Robots have been massively used in industrial environments for the last fifty years. Industrial robots are designed to perform repetitive, predictable tasks, but are not able to easily adapt or learn new behaviours (Craig, 1986). In order to execute their programmed tasks, they have to sense only a constrained set of environmental parameters, thus perceptual systems mounted on industrial robots are simple, practical and task-oriented. On the other hand, they are designed to work in environments in which human presence is limited and controlled, if allowed. Thus, while their usefulness is evident, industrial robots are strongly limited. In order to remove these limitations, a new generation of robots began to appear more than thirty-five years ago (Inoue, Tachi, Nakamura, Hirai, Ohyu, Hirai, Tanie Yokoi & Hirukawa, 2001). These robots were designed to cooperate with people in everyday activities, to adapt to uncontrolled environments and new tasks, and to become engaging companions for people to interact with. They usually benefit from sharing human perceptual and motor capabilities, and thus the term humanoid robot was used to name these agents. In the last decade, however, the difficulties of creating robots that resemble human beings have favoured the use of the more generic term social robot. Thus, today it is accepted that, although humanoid robots are certainly designed to be social, social robots do not need to be humanoid.
According to an early definition of social robot (Dautenhahn & Billard, 1999) social robots are agents designed to be part of an heterogeneous group. They should be able to recognize, explicitly communicate with and learn from other individuals in this group. They also possess history (i.e. they sense and interpret their environment in terms of their own experience). While this is a generic definition, in practice social robots are designed to work in human societies. Thus, later definitions of social robots present them as agents that have to interact with people (Breazeal, Brooks, Gray, Hancher, McBean, Stiehl & Strickon 2003). In this chapter the same ideas are followed, and social robots are understood as “robots that work in real social environments, and that are able to perceive, interact with and learn from other individuals, being these individuals people or other social agents” (Bandera, 2010, pp. 9).
Social robots have different options to achieve learning. Individual learning mechanisms (e.g. trial-and-error, imprinting, classical conditioning, etc.) are one of these options. However, their application to a social robot may lead it to learn incorrect, disturbing or even dangerous behaviours. Thus, they should be restricted to specific scenarios and tasks (e.g. games based on controlled stigmergy) (Breazeal et al., 2003; Bandera, 2010). Social learning mechanisms are a different option, which allows the human teacher to supervise the learning process avoiding most issues of individual learning. Among different social learning strategies, learning by imitation appears as one of the most intuitive and powerful ones.
This chapter describes a RLbI architecture that provides a social robot with the ability to learn and imitate upper-body social gestures.
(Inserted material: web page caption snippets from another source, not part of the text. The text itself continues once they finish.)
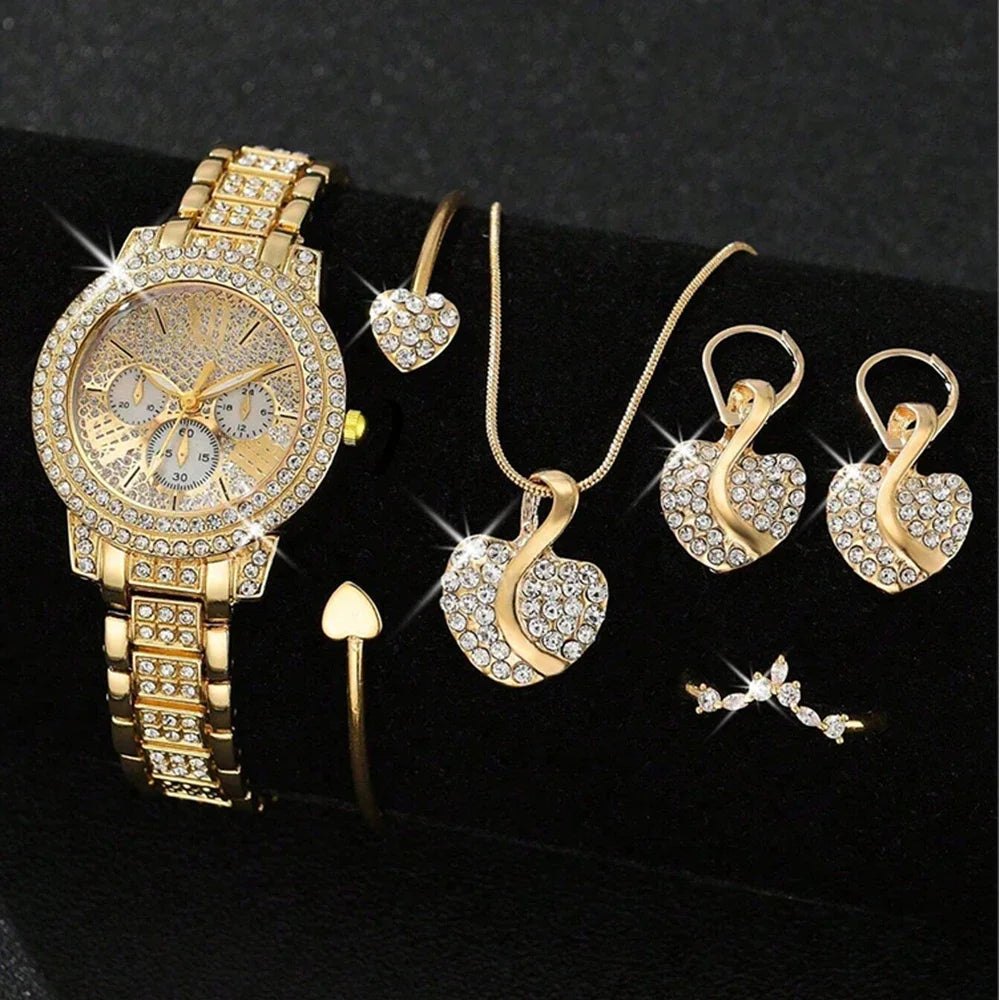 Culture Vault Gold Quartz Watch Jewellery Gift Set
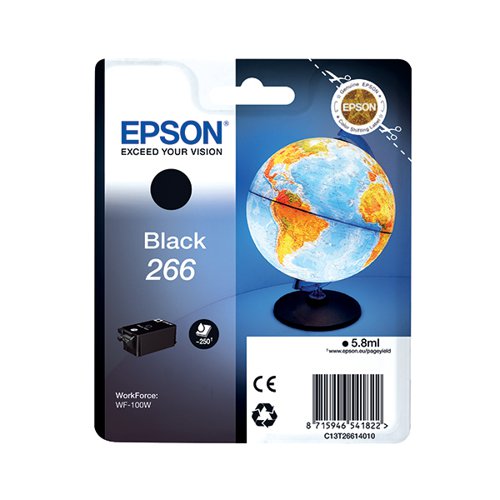 EPSON 266 GLOBE INK CARTRIDGE BLACK C13T26614010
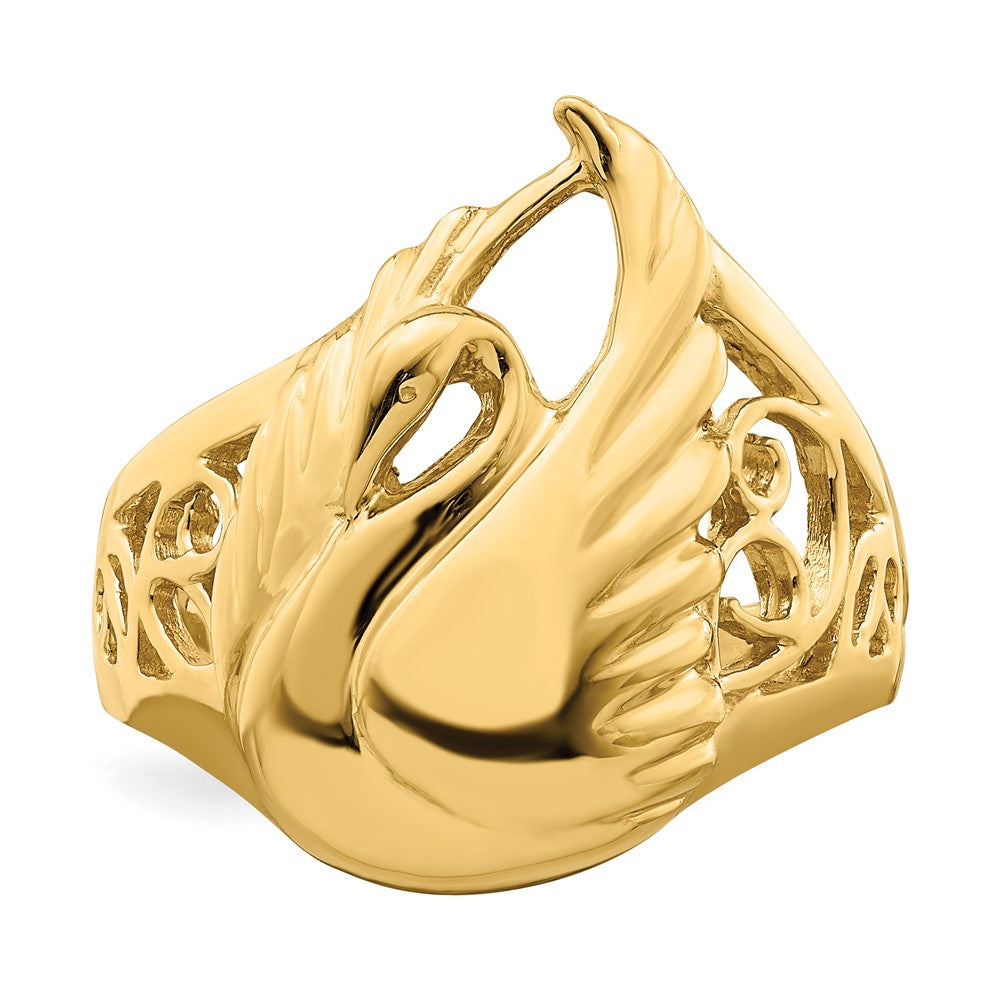 14k Polished Swan Ring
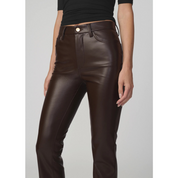 THE VEGAN LEATHER HI HONEY DARK CHOCOLATE PANT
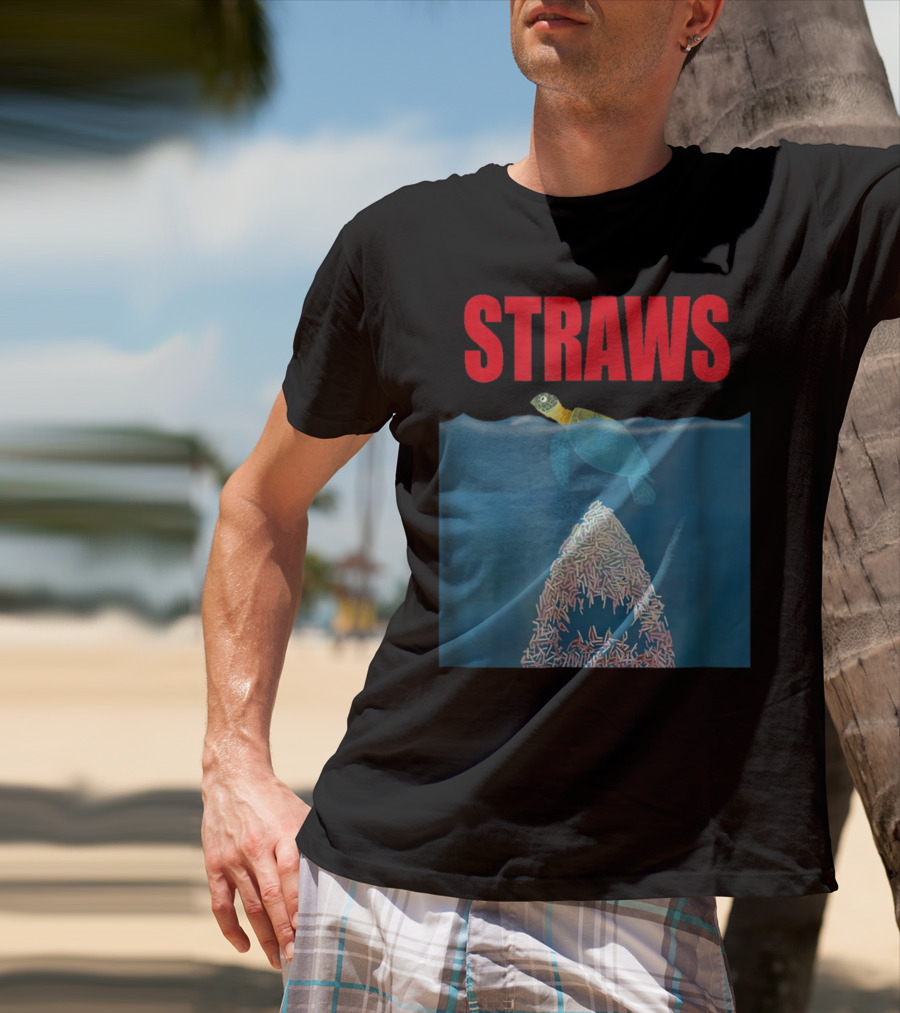 Straws Sea Turtle Save Earth Ban Plastics T-Shirt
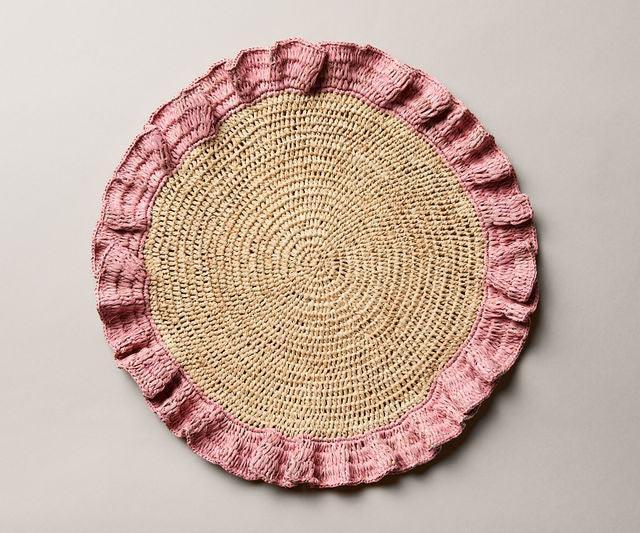 Handwoven Raffia Ruffle Placemat – Boho Chic Table Décor – Summer Table Accent Payton James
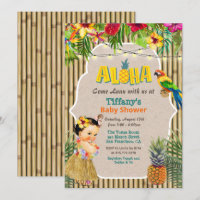 Invitation pour Baby Shower Aloha Luau Tropical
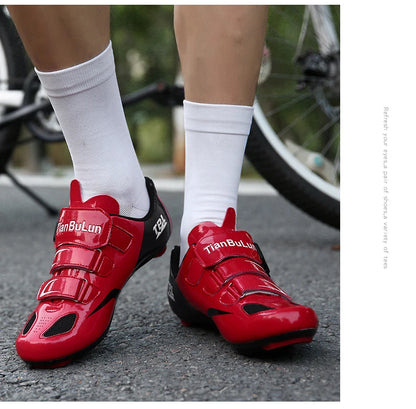 New Men’s and Women’s Bicycle Shoes Outdoor Cycling Shoes with Three Functional Soles Professional Training Shoes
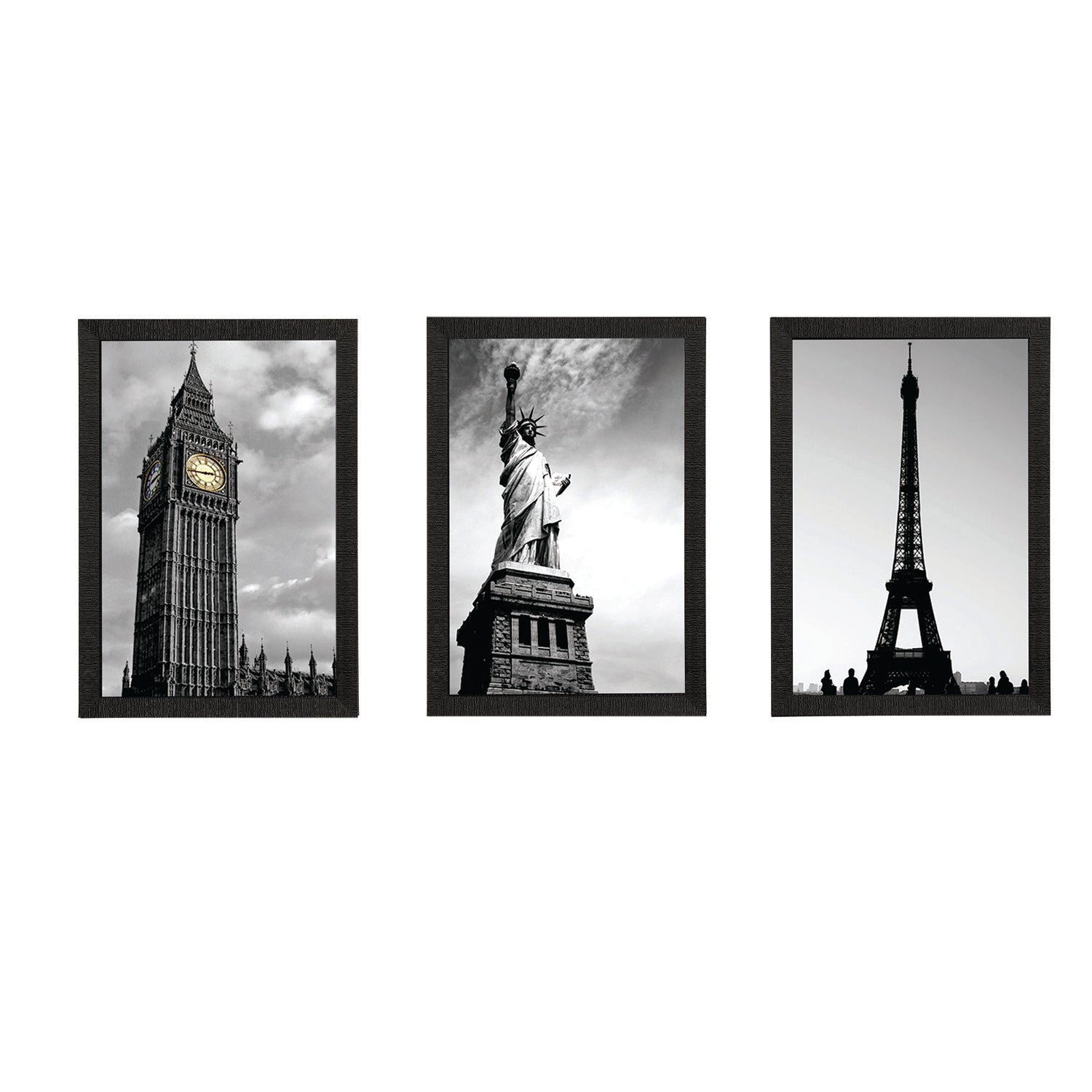 Set Of 3 Clock Tower, Statue of Liberty and Eiffel Tower Satin Matt Texture UV Art Painting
This architecture, that is the main topic of the first author's Thesis (Bandera, 2010), uses an interface based on a pair of stereo cameras, and a model-based perception component to capture human movements from input image data. Perceived human motion is segmented into discrete gestures and represented using features. These features are subsequently employed to recognize and learn gestures. One of the main differences of this proposal with respect to previous approaches is that all these processes are executed in the human motion space, not in the robot motion space. This strategy avoids constraining the perceptual capabilities of the robot due to its physical limitations. It also eases sharing knowledge among different robots. Only if the social robot needs to perform physical imitation, a translation module is used that combines different strategies to produce valid robot motion from learned human gestures.